(Scraped caption text data)
[Start of Attachment]

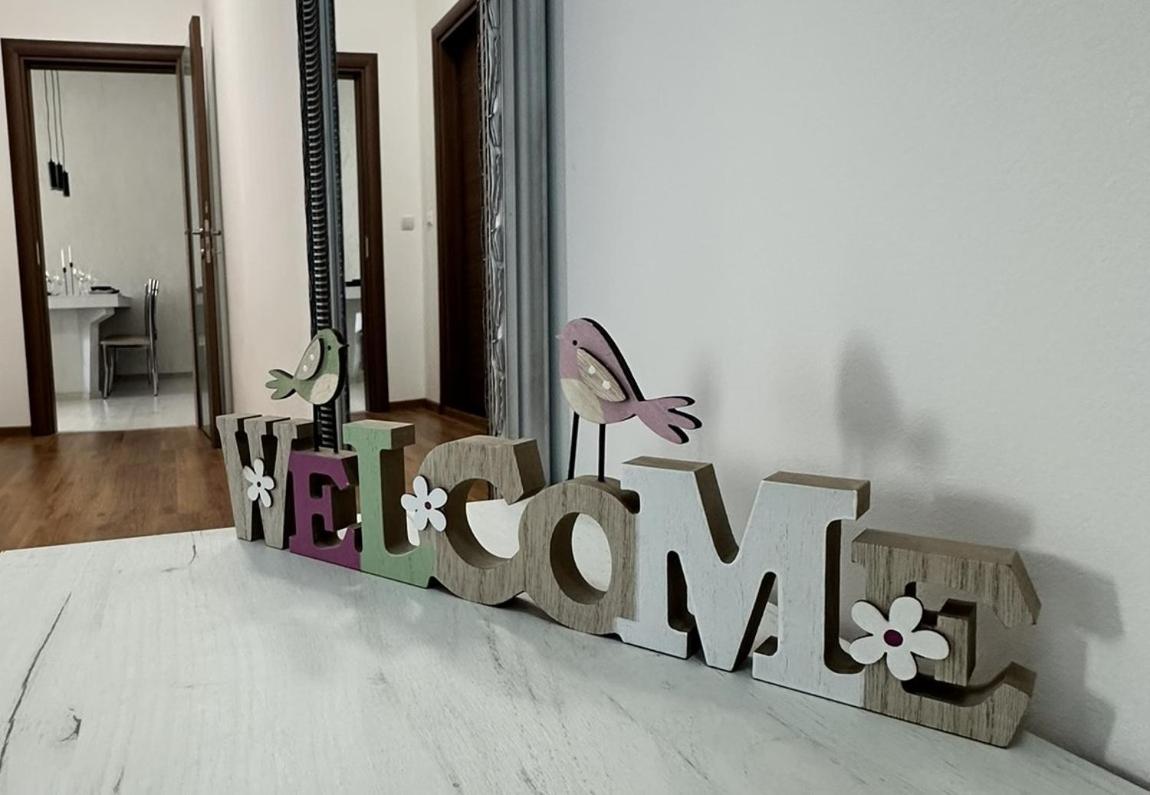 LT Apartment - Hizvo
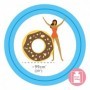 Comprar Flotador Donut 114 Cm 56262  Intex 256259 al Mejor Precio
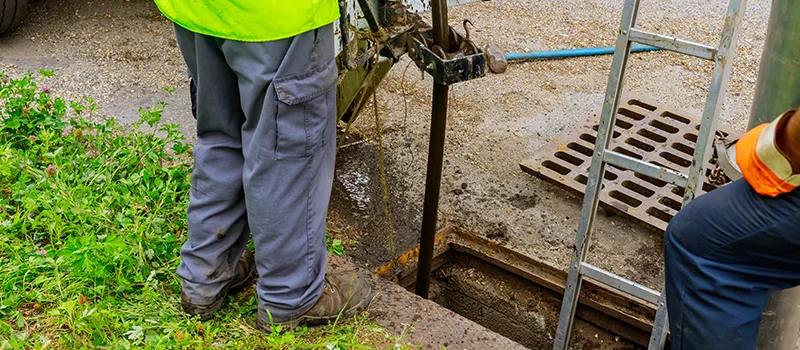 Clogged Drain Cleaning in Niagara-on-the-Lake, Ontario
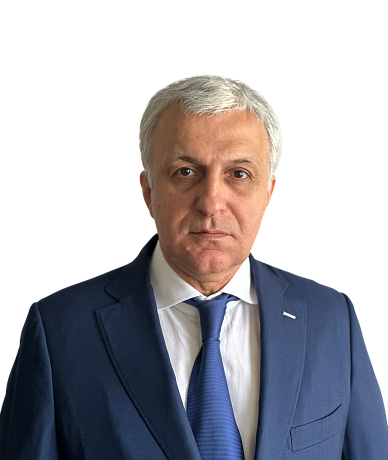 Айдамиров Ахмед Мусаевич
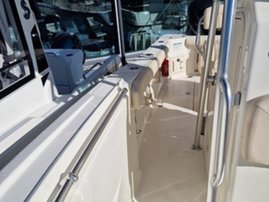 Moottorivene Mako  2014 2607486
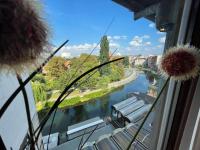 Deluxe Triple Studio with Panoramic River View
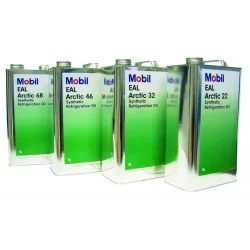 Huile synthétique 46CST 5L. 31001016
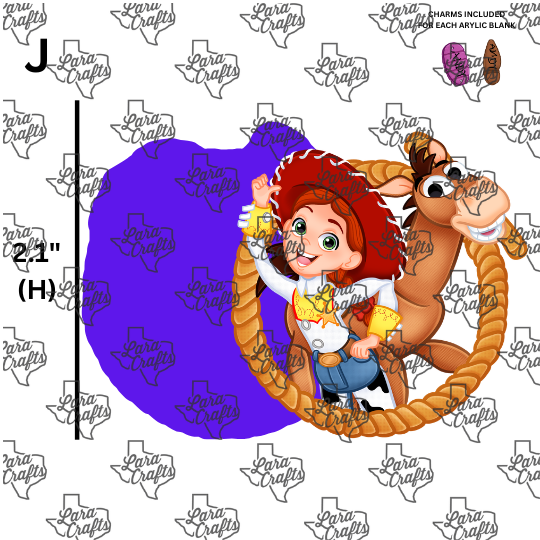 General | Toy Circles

[End of Attachment]

DIRECTIONS FOR THIS TASK> All lines from the line with "Huile synthétique 46CST 5L. 31001016" through the final line of the data, both included, are to be repeated exactly; no other lines and no pictures.

PROBLEM SOLUTION>
 Huile synthétique 46CST 5L. 31001016
 General | Toy Circles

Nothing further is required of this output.